Shaping behavior isn’t necessarily wrong. Parents do it all the time. It carries real dangers, though, because it’s essentially a power move. You can’t use it effectively unless you have the status to make it stick. Indeed, the approval, “This is good,” is a way of saying, “Do this and you’ll gain status with me.”

Christians and other God-believers can say it with quite a different underlying meaning. It isn’t about us, it’s about God. “Do this and God will approve of it.” Used in that way it could still be power move — parents do have power, after all, and rightly so — but we’d better have come by that power legitimately, and we’d better exercise it the same way. For we know we’re accountable to a much higher power, God, who gives the words “good” and “bad” true meanings, meanings that we mess with to our great peril.

What, though, about those who don’t believe in God? They use words like “good” and “bad” to shape behavior, but they do it without regard to any higher standard. You see, they recognize no higher authority, accept no accountability. They fight the cultural battles, and if they win, they win. Which is what they have done, to a great extent. And winning is what has made their answer the “right” answer. Nothing else but that. Just their victory in the culture wars.

Might Makes Right

And that’s it. Homosexuality, transgenderism, and gay marriage aren’t “right” and “good” because God made them that way. The universe didn’t make them that way, either, and neither did evolution make them that way. 

They’re “good” because gay activists fought, scrapped, bullied, harassed, insulted, litigated against their opposition, they flooded the media with their views. 

And eventually by all those strategies they gained themselves the power to declare these things good.

Now, can they say they did a “good” thing when they did that?
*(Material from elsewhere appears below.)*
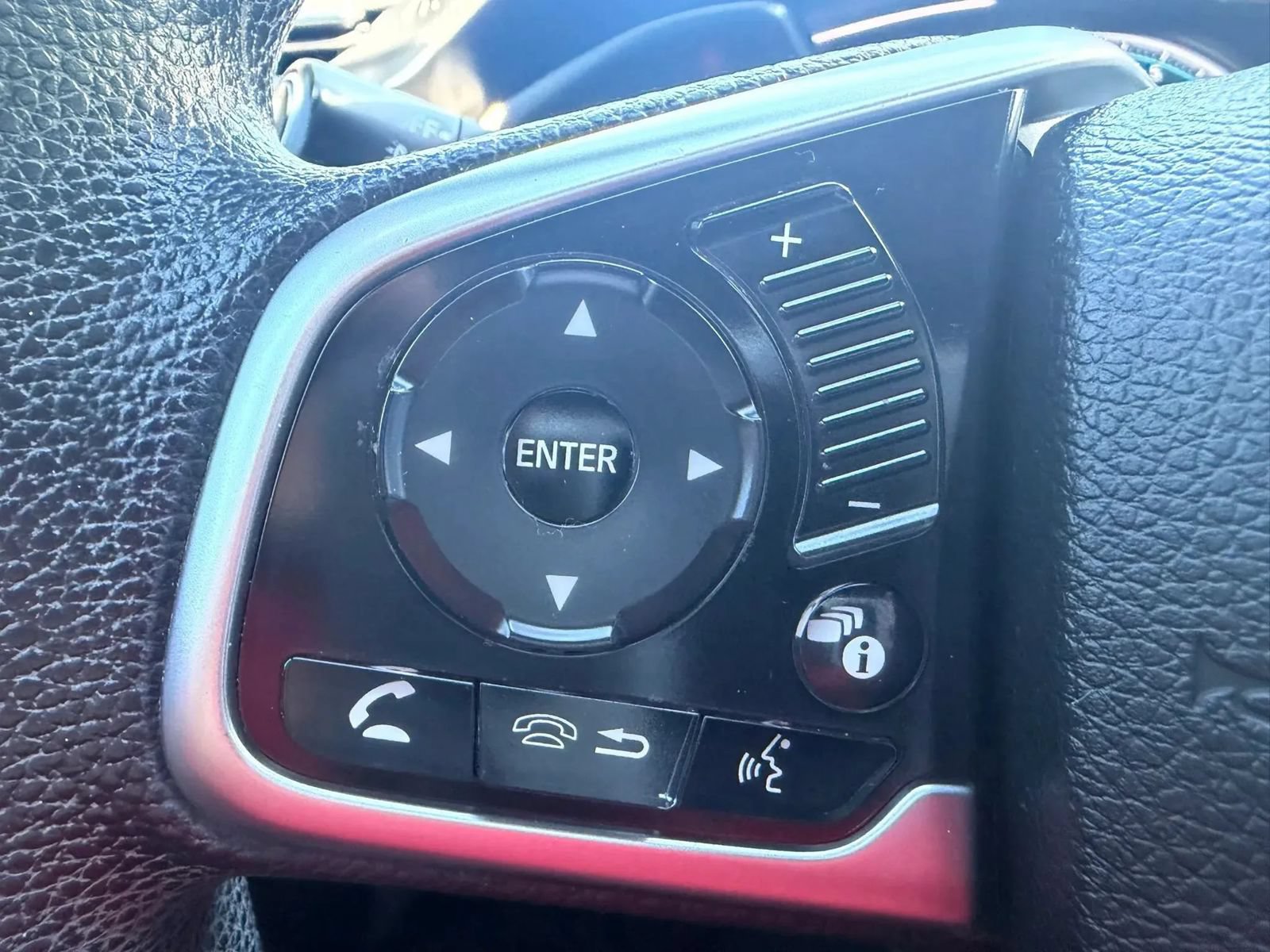 Used 2017 Honda Civic EX-T image 11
Sure, in a way. But they can’t say it because it’s actually true. They can only say it because they’ve got themselves seated in a position that gives them social power to declare it so.

But anyone who thinks that power — even social power — is the right method to determine good and bad, should be automatically disqualified based on that error alone. 

For power without accountability always leads to corruption, and from there it leads to abuse of the less powerful. It is the worst of all possible foundations for setting moral standards. Yet it’s also the only existing foundation, holding up today’s new sexual morality as “good.”

And Might Makes Dangerous
This should strike all of us as dangerous. Chilling, even. I’ve been to several of the major Communist countries of the world: Soviet Russia in 1991, Belarus, China, and Cuba. I’ve only seen North Korea from across the DMZ, but that was close enough. What I learned from these travels is that I don’t want to live anyplace where might makes right.

Power’s corruption will catch up with these currently powerful ones. It always does. Until then, though, we should expect them to do what winners who set their own rules always do: They’ll find ways to abuse the weak, and call it good even as they do it. They’ll bully shopkeepers and call it good. They’ll beat up on Christian schools and call it good.

Keep that in mind next time you hear someone saying it’s “good” to support the gay agenda. All they’re doing — and all they can possibly be doing — is pulling another power maneuver with the word. Other than that, in their world the word doesn’t mean a thing.